Su israfını önlemek için...
1.Tıraş olma, diş fırçalama gibi suyun sürekli akmasına ihtiyacımızın olmadığı vakitlerde musluğu kapamalı, gerek duyunca açmalıyız.
2. Duş alırken geçirdiğimiz süreyi mümkün olduğunca kısa tutmalı, gereksiz, boş yere su harcamamalıyız.
3.Bulaşıkları elde yıkamak yerine bulaşık makinesinde yıkamayı tercih etmeliyiz.
4.Sebze ve meyveleri musluk açık olarak elde yıkamak yerine, su dolu bir kapta devir daim şeklinde yıkamalıyız.
5.İçme suyu dışındaki suları bir kaç kez biriktirip tekrar kullanabiliriz. Mesela sebze meyve yıkadığımız su ile çiçekleri sulayabilir, balkon yıkayabiliriz.
6.Sıcak suyun gelmesini beklerken akan suyu şişelerde biriktirip başka amaçlarla kullanabiliriz.
7.Tuvalet sifonu çok fazla su akıttığı için gereksiz yere sifonu kullanmamalıyız.
8.Mutfakta, banyoda, lavabolarda, su basıncını arttıran ama su akışını azaltan sistemler tercih etmeliyiz.
‘Bu dönemde yaşanan israf su krizini arttıracak'
Koronavirüs salgının yeni başladığı vakitlerde 22 Mart Dünya Su Günü'nde Greenpeace Türkiye yayımladığı bildiride su israfına dikkat çekti. Bildiriyle ilgili konuşan Greenpeace Akdeniz Okyanuslar Proje sorumlusu Nihan Temiz Ateş,
“Temiz su kaynaklarına ulaşımın önemi belki de daha önce hiç bu kadar iyi anlaşılmamıştı” diyor ve anlatıyor: “Koronavirüs döneminde yaşanan su israfı sebebiyle dünyada su krizinin artması bekleniyor. Türkiye üç tarafı denizlerle çevrili bir ülke olsa da su stresi kategorisi yaşama kategorisinde gösteriliyor.
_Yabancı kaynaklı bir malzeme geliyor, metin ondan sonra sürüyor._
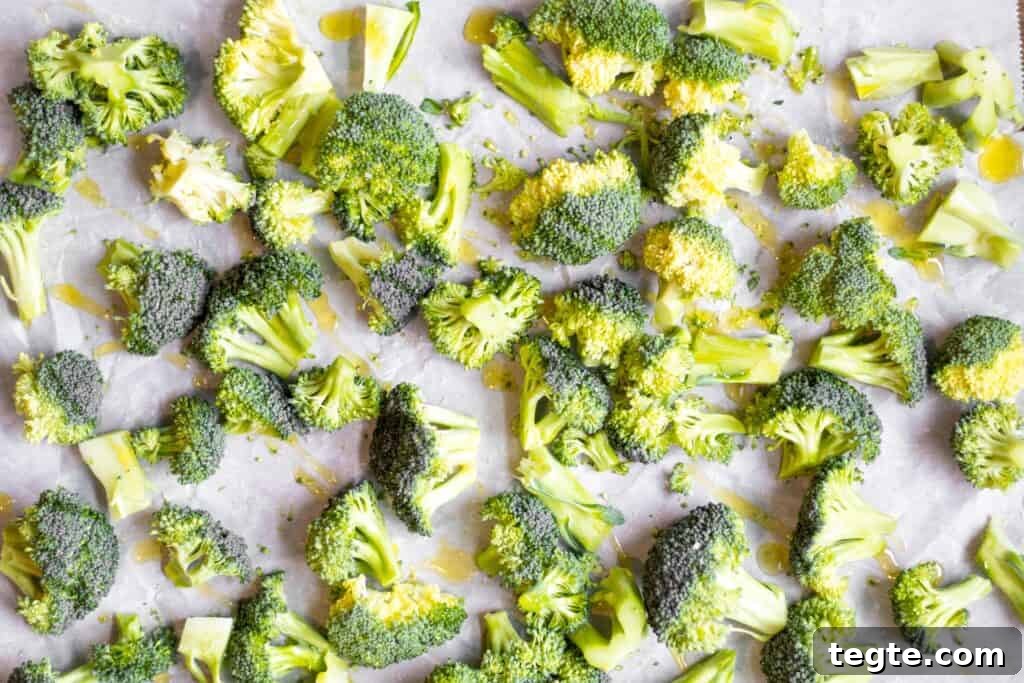 Roasted Broccoli Guide: Crispy Oven Recipe for Perfect Results 5 broccoli drizzled with olive oil and salt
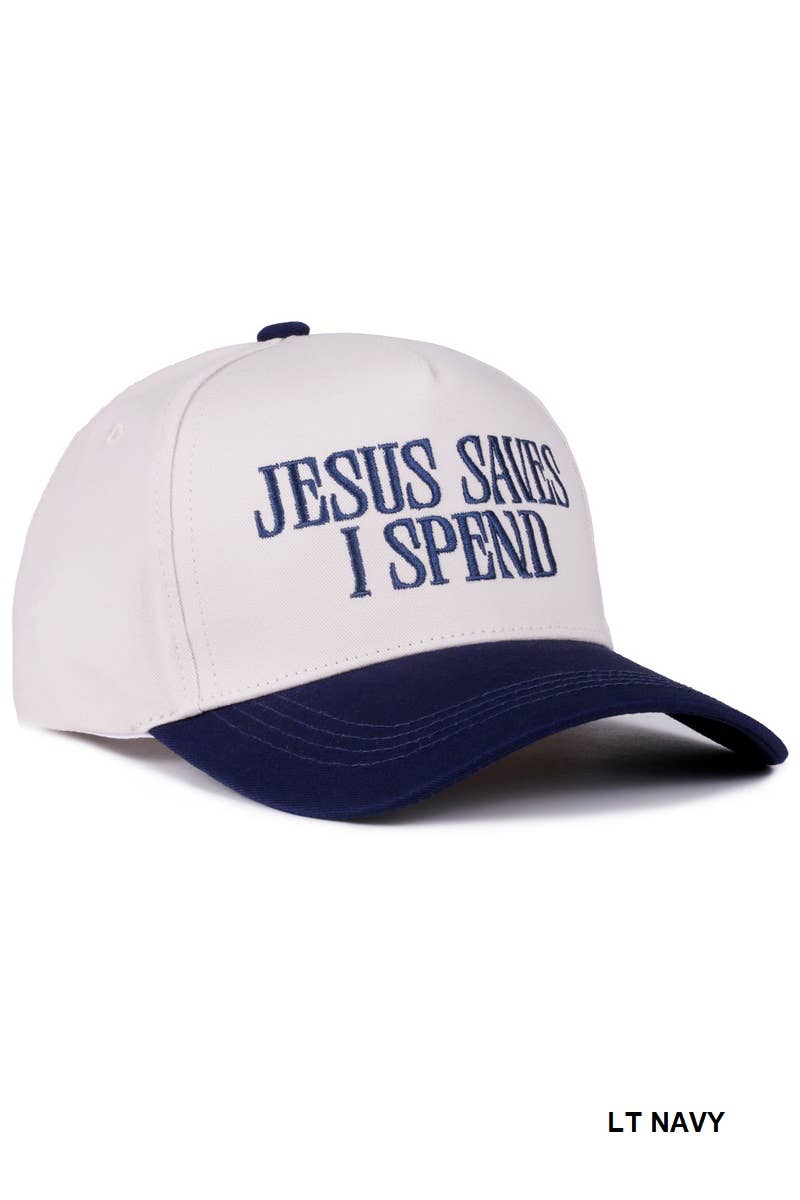 `Jesus Saves I Spend Two Tone Canvas Cotton Cap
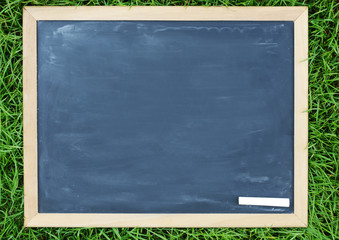 chalkboard on grass for background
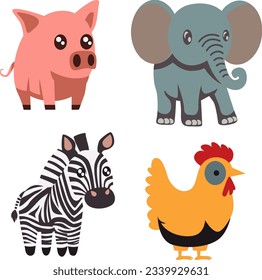 Pig, Elephant, Zebra, Hen, Cute Animal Bundle Vector illustration Collection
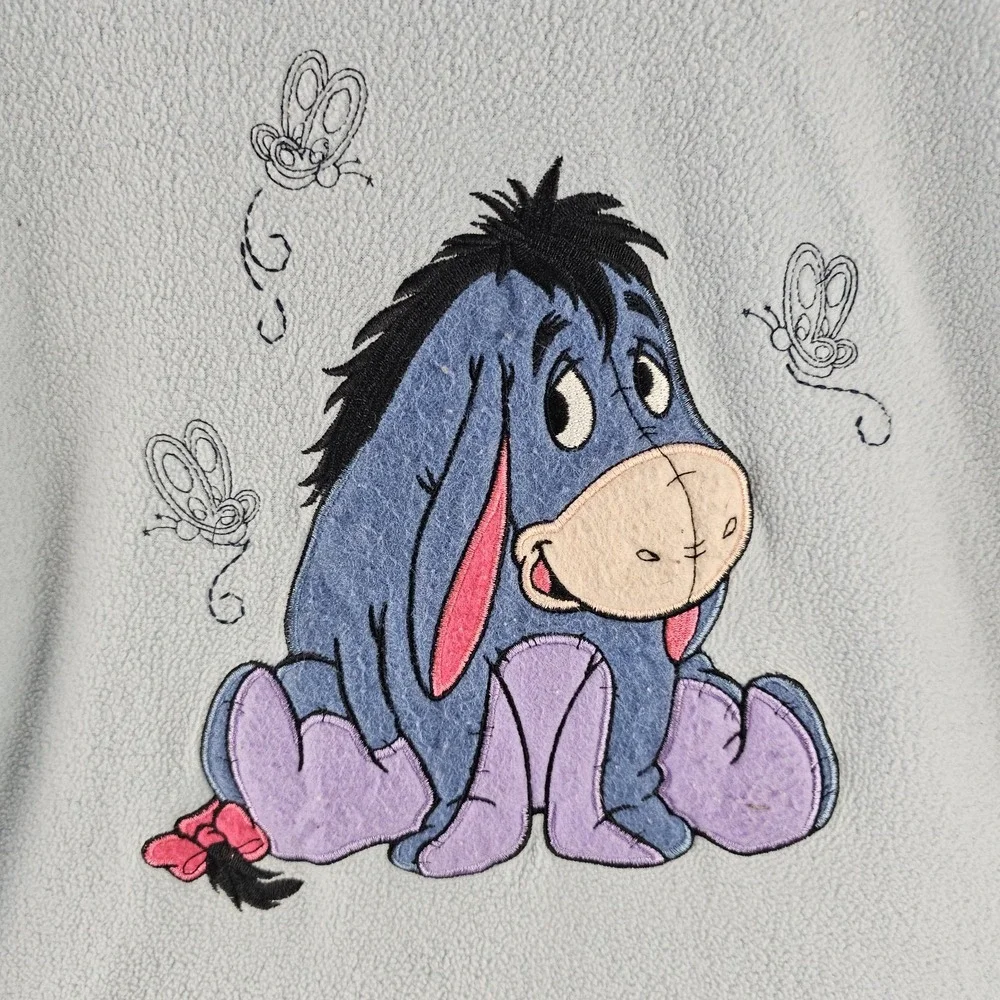 Vintage 90s Disney Winnie The Pooh Eeyore Butterflys Embroidered Sz M Y2K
Biliyoruz ki her damla su bizim için hayati. Virüsle başa çıkmanın en başında hijyen kurallarına uymak var. Yani suya bağımlılığımız daha da artmış durumda. İklim değişikliği, kömür ve petrol sebebiyle su kaynakları hızla kirleniyor. Su yoksa gelecek de yok. Bu dönemde el yıkarken muslukların açık tutulmaması, bilinçli olarak ihtiyaç dışı tüketimlerin azaltılması gerekiyor. Her yıl dünyanın su kullanımı yüzde 1 artıyor. Şu anda dünyada yaşayan her 10 insandan 3’ünün güvenli içme suyuna erişimi yok. Araştırmalar gösteriyor ki 2040 yılında 600 milyon 18 yaş altı çocuk su stresinin yaşandığı bölgelerde yaşayarak susuzluktan etkilenecek. Bu dönemde suyu israf etmemek çok önemli.” dedi.
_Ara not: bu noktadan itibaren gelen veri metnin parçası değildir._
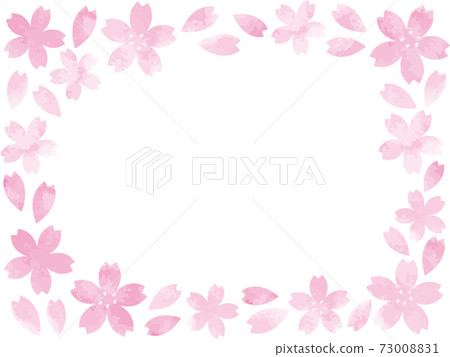 水彩風格櫻花花瓣框架（方形） 73008831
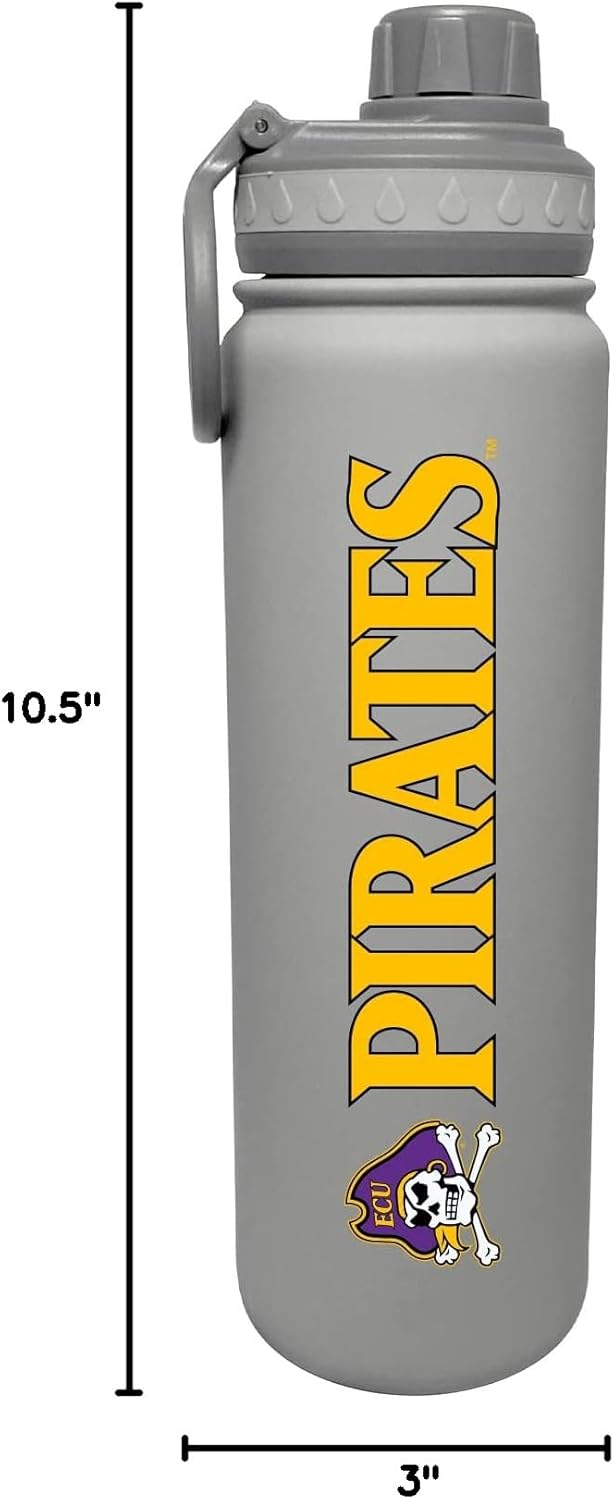 The Fanatic Group East Carolina Pirates Dual Walled Stainless Steel Sports Bottle, Design 1 - Gray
Greenpeace’in yayımladığı bildiride yer alan maddelerden bazıları;
-Suya küresel talep 1980’lerden bu yana her sene yaklaşık yüzde 1 oranında artıyor. Bu da 2050 yılında şu ankinden yüzde 20 ila 30 daha fazla suya ihtiyaç olacağı anlamına geliyor.
-Dünya nüfusunun yaklaşık 4’te birine ev sahipliği yapan 17 ülke “çok yüksek” su stresi ile karşı karşıya…
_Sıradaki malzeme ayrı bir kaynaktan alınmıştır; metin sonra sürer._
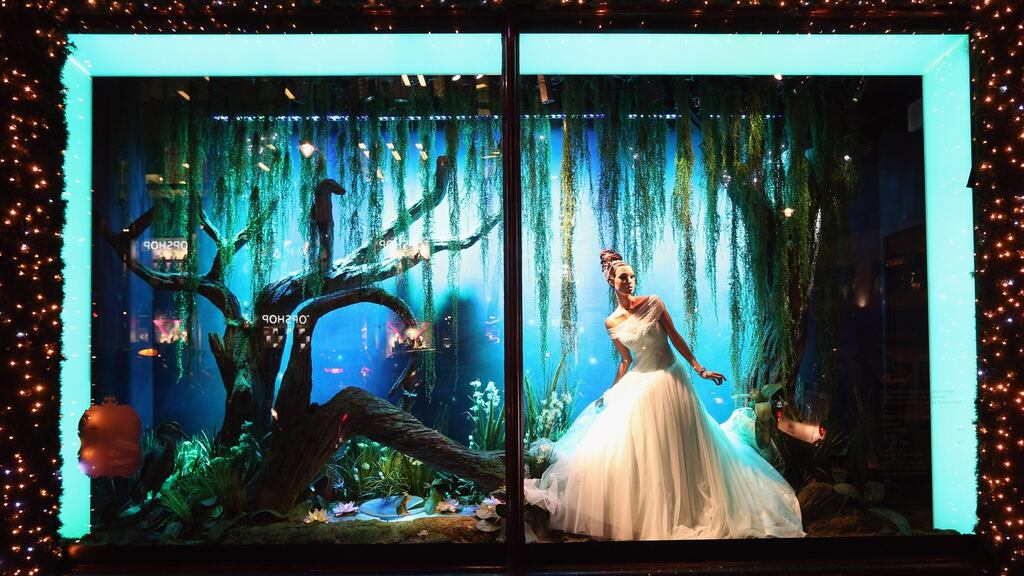 Christmas window in Harrods,   London, 2012. Photograph:  Oli Scarff/Getty Images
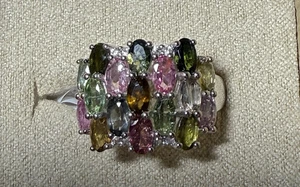 JTV  Tourmaline & Zircon Ring Sterling 925 4.08CTW  Size 9 - Picture 1 of 3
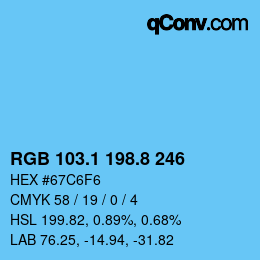 カラーコード: RGB 103.1 198.8 246 | qconv.com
-Dünya nüfusunun yüzde 25’i bir su krizinin eşiğinde… Bu oranın 2025 senesinde yüzde 60 olması bekleniyor.
-4 milyar insan, senede en az bir ay ciddi su kıtlığı yaşıyor. Hesaplamalara göre 2050’de bu rakamın 4,8 ila 5,7 milyara yükseleceği tahmin ediliyor. Dünya üzerinde taze suyun yüzde 60’ı ülke sınırlarını oluşturan dere yataklarından elde ediliyor, olası bir su kıtlığının bu nedenle ülkeler arasında beklenmedik rekabetlere neden olmasından endişe duyuluyor.